Next McCarthy produced a copy of a confidential letter he claimed was a January 26, 1951 memo written and sent by FBI Director J. Edgar Hoover, to Major General Alexander R. Bolling, warning Army Intelligence of subversives in the Army Signal Corps. McCarthy claimed that Stevens willfully ignored it. Welch questioned the letter's validity. Robert Collier, assistant to Ray Jenkins, read a letter from Attorney General Herbert Brownell Jr., in which he stated that Hoover examined the document and that he neither wrote nor ordered the letter, and that no such copy existed in FBI files.
A portion of the hearings assessed the security risk of homosexuals in government.
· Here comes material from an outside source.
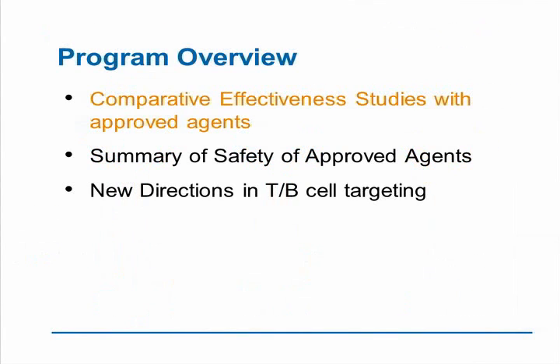With that background, we're going to talk about the comparative effectiveness studies with approved agents. Subsequent to that, we're going to talk about a summary of the safety of approved agents. And finally, we're going to talk about new directions in T and B-cell targeting. So let's start with comparative effectiveness.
In an exchange between Senator McCarthy and Joseph Welch, Welch was questioning McCarthy staff member James Juliana about the unedited picture of Schine with Stevens and Bradley, asking him "Did you think this came from a Pixie?" McCarthy asked Welch to define what a pixie is. Welch replied: "I should say, Mr. Senator, that a pixie is a close relative of a fairy. Shall I proceed, sir? Have I enlightened you?"
The hearings showed that Roy Cohn did take steps to request preferential treatment for Schine, going so far on at least one occasion to sign McCarthy's name without his knowledge on a request for Schine to have access to the Senators' Baths; a pool and steam room reserved exclusively for senators. McCarthy commented that Cohn was unreasonable in matters dealing with Schine, but it is unclear if Schine ever had a romantic or sexual relationship with Cohn, who was a closeted homosexual.
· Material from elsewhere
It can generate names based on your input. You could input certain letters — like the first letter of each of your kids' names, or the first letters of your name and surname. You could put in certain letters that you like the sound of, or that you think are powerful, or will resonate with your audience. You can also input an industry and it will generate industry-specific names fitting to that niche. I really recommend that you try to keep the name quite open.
In the most dramatic exchange of the hearings,on June 9, 1954, day 30 of the hearings, Welch challenged Cohn to give McCarthy's list of 130 subversives in defense plants to the office of the FBI and the Department of Defense "before the sun goes down". In response to Welch's challenge, McCarthy suggested that Welch should check on Fred Fisher, a young lawyer in Welch's own Boston law firm whom Welch planned to have on his staff for the hearings. McCarthy then mentioned that Fisher had once belonged to the National Lawyers Guild (NLG), a group which Attorney General Brownell had called "the legal bulwark of the Communist Party". Welch said that he had confirmed Fisher's former membership in the National Lawyers' Guild approximately six weeks before the hearings started and had decided to send Fisher back to Boston. Welch then reprimanded McCarthy for his needless attack on Fisher, saying that "Until this moment, Senator, I think I never really gauged your cruelty or your recklessness." When McCarthy resumed his attack on Fisher, at Welch angrily interrupted him and said, "Let us not assassinate this lad further, Senator; you've done enough. Have you no sense of decency, sir? At long last, have you left no sense of decency?"
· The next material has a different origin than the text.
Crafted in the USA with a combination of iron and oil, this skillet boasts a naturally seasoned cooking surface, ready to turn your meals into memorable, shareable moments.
Near the end of the hearings, McCarthy and Democratic Senator Stuart Symington of Missouri argued over the handling of secret files by McCarthy's staff. Symington suggested that some members of McCarthy's own staff might themselves be subversive and sought McCarthy's agreement to an investigation of his staff. McCarthy refused to sign the agreement. He then rebuked Symington by saying "You're not fooling anyone!" Symington replied, "Senator, the American people have had a look at you now for six weeks; you're not fooling anyone, either."
In Gallup polls from January 1954, McCarthy's approval rating was at 50%, with only 29% disapproving. By June, both percentages had shifted by 16% (34% approving, 45% disapproving). The committee concluded that McCarthy himself had not exercised any improper influence on Schine's behalf, but that Roy Cohn, McCarthy's chief counsel, had engaged in some "unduly persistent or aggressive efforts" for Schine. The report also concluded that Secretary Stevens and Army Counsel John Adams "made efforts to terminate or influence the investigation and hearings at Fort Monmouth". Before the official reports were released Cohn had resigned as McCarthy's chief counsel, and Senator Ralph Flanders of Vermont had introduced a resolution of censure against McCarthy in the Senate.
Ine of the most prominent attacks on McCarthy's methods was an episode of the television show "See It Now", hosted by journalist Edward R. Murrow, which was broadcast on March 9, 1954. Titled "A Report on Senator Joseph R. McCarthy", the episode consisted largely of clips of McCarthy speaking. In these clips, McCarthy accuses the Democratic party of "twenty years of treason", describes the American Civil Liberties Union as "listed as 'a front for, and doing the work of', the Communist Party", and berates and harangues various witnesses, including General Zwicker. In his conclusion, Murrow said of McCarthy:
"No one familiar with the history of this country can deny that congressional committees are useful. It is necessary to investigate before legislating, but the line between investigating and persecuting is a very fine one, and the junior Senator from Wisconsin has stepped over it repeatedly. His primary achievement has been in confusing the public mind, as between the internal and the external threats of Communism. We must not confuse dissent with disloyalty. We must remember always that accusation is not proof and that conviction depends upon evidence and due process of law. We will not walk in fear, one of another. We will not be driven by fear into an age of unreason, if we dig deep in our history and our doctrine, and remember that we are not descended from fearful men—not from men who feared to write, to speak, to associate and to defend causes that were, for the moment, unpopular.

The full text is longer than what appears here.